* [Task statement]:
What is needed is an exact copy of every entry.

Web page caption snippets
★ ★ ★ ★ ★ ★ ★

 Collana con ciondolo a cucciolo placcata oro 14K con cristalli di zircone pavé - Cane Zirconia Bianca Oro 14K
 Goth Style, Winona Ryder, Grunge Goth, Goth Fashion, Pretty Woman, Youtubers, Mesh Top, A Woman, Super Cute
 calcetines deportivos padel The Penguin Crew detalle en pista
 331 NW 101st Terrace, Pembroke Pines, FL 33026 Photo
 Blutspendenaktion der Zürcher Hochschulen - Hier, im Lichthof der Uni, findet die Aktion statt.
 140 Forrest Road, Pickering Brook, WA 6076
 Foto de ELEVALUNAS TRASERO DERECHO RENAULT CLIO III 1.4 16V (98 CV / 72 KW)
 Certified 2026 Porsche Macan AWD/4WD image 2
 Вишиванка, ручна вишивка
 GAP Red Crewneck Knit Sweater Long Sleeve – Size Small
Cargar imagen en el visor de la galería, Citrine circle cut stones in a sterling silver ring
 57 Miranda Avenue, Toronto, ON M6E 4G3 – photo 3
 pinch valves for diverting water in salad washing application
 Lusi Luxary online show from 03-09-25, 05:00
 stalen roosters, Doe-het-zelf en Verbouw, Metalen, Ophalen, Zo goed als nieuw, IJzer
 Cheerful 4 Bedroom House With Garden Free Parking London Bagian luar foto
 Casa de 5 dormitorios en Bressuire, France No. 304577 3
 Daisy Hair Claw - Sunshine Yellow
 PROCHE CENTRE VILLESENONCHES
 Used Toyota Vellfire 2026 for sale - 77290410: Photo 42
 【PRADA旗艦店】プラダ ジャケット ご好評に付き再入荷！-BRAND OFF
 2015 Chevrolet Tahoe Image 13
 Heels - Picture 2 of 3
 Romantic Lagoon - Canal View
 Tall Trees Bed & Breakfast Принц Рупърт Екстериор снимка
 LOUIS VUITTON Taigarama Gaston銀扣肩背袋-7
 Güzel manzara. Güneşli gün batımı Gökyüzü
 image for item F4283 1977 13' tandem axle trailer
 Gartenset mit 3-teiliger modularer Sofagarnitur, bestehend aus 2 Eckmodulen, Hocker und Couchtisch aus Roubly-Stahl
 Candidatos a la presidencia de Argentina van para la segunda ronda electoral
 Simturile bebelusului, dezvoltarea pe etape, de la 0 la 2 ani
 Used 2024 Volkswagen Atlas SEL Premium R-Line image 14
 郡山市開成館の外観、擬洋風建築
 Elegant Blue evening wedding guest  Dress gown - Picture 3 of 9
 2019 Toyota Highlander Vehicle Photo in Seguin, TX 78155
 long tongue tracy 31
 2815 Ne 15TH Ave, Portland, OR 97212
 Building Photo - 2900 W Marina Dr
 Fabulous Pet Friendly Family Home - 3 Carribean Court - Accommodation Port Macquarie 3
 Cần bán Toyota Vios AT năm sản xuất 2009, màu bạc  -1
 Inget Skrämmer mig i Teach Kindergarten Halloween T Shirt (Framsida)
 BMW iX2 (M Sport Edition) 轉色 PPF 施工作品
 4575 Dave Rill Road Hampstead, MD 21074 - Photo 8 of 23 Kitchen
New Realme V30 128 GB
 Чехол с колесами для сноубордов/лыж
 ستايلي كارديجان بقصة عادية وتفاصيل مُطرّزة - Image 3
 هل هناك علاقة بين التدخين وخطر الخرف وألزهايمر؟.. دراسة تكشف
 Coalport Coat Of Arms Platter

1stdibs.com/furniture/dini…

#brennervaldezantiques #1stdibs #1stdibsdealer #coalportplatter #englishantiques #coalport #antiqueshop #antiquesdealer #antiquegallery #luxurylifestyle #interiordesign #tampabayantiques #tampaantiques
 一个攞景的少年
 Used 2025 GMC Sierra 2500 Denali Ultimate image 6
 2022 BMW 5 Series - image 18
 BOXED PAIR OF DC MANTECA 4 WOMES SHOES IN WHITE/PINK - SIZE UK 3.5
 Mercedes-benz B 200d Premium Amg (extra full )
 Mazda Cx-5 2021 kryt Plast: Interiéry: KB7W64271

★ ★ ★ ★ ★ ★ ★

* [Finished task]:
 Collana con ciondolo a cucciolo placcata oro 14K con cristalli di zircone pavé - Cane Zirconia Bianca Oro 14K
 Goth Style, Winona Ryder, Grunge Goth, Goth Fashion, Pretty Woman, Youtubers, Mesh Top, A Woman, Super Cute
 calcetines deportivos padel The Penguin Crew detalle en pista
 331 NW 101st Terrace, Pembroke Pines, FL 33026 Photo
 Blutspendenaktion der Zürcher Hochschulen - Hier, im Lichthof der Uni, findet die Aktion statt.
 140 Forrest Road, Pickering Brook, WA 6076
 Foto de ELEVALUNAS TRASERO DERECHO RENAULT CLIO III 1.4 16V (98 CV / 72 KW)
 Certified 2026 Porsche Macan AWD/4WD image 2
 Вишиванка, ручна вишивка
 GAP Red Crewneck Knit Sweater Long Sleeve – Size Small
Cargar imagen en el visor de la galería, Citrine circle cut stones in a sterling silver ring
 57 Miranda Avenue, Toronto, ON M6E 4G3 – photo 3
 pinch valves for diverting water in salad washing application
 Lusi Luxary online show from 03-09-25, 05:00
 stalen roosters, Doe-het-zelf en Verbouw, Metalen, Ophalen, Zo goed als nieuw, IJzer
 Cheerful 4 Bedroom House With Garden Free Parking London Bagian luar foto
 Casa de 5 dormitorios en Bressuire, France No. 304577 3
 Daisy Hair Claw - Sunshine Yellow
 PROCHE CENTRE VILLESENONCHES
 Used Toyota Vellfire 2026 for sale - 77290410: Photo 42
 【PRADA旗艦店】プラダ ジャケット ご好評に付き再入荷！-BRAND OFF
 2015 Chevrolet Tahoe Image 13
 Heels - Picture 2 of 3
 Romantic Lagoon - Canal View
 Tall Trees Bed & Breakfast Принц Рупърт Екстериор снимка
 LOUIS VUITTON Taigarama Gaston銀扣肩背袋-7
 Güzel manzara. Güneşli gün batımı Gökyüzü
 image for item F4283 1977 13' tandem axle trailer
 Gartenset mit 3-teiliger modularer Sofagarnitur, bestehend aus 2 Eckmodulen, Hocker und Couchtisch aus Roubly-Stahl
 Candidatos a la presidencia de Argentina van para la segunda ronda electoral
 Simturile bebelusului, dezvoltarea pe etape, de la 0 la 2 ani
 Used 2024 Volkswagen Atlas SEL Premium R-Line image 14
 郡山市開成館の外観、擬洋風建築
 Elegant Blue evening wedding guest  Dress gown - Picture 3 of 9
 2019 Toyota Highlander Vehicle Photo in Seguin, TX 78155
 long tongue tracy 31
 2815 Ne 15TH Ave, Portland, OR 97212
 Building Photo - 2900 W Marina Dr
 Fabulous Pet Friendly Family Home - 3 Carribean Court - Accommodation Port Macquarie 3
 Cần bán Toyota Vios AT năm sản xuất 2009, màu bạc  -1
 Inget Skrämmer mig i Teach Kindergarten Halloween T Shirt (Framsida)
 BMW iX2 (M Sport Edition) 轉色 PPF 施工作品
 4575 Dave Rill Road Hampstead, MD 21074 - Photo 8 of 23 Kitchen
New Realme V30 128 GB
 Чехол с колесами для сноубордов/лыж
 ستايلي كارديجان بقصة عادية وتفاصيل مُطرّزة - Image 3
 هل هناك علاقة بين التدخين وخطر الخرف وألزهايمر؟.. دراسة تكشف
 Coalport Coat Of Arms Platter

1stdibs.com/furniture/dini…

#brennervaldezantiques #1stdibs #1stdibsdealer #coalportplatter #englishantiques #coalport #antiqueshop #antiquesdealer #antiquegallery #luxurylifestyle #interiordesign #tampabayantiques #tampaantiques
 一个攞景的少年
 Used 2025 GMC Sierra 2500 Denali Ultimate image 6
 2022 BMW 5 Series - image 18
 BOXED PAIR OF DC MANTECA 4 WOMES SHOES IN WHITE/PINK - SIZE UK 3.5
 Mercedes-benz B 200d Premium Amg (extra full )
 Mazda Cx-5 2021 kryt Plast: Interiéry: KB7W64271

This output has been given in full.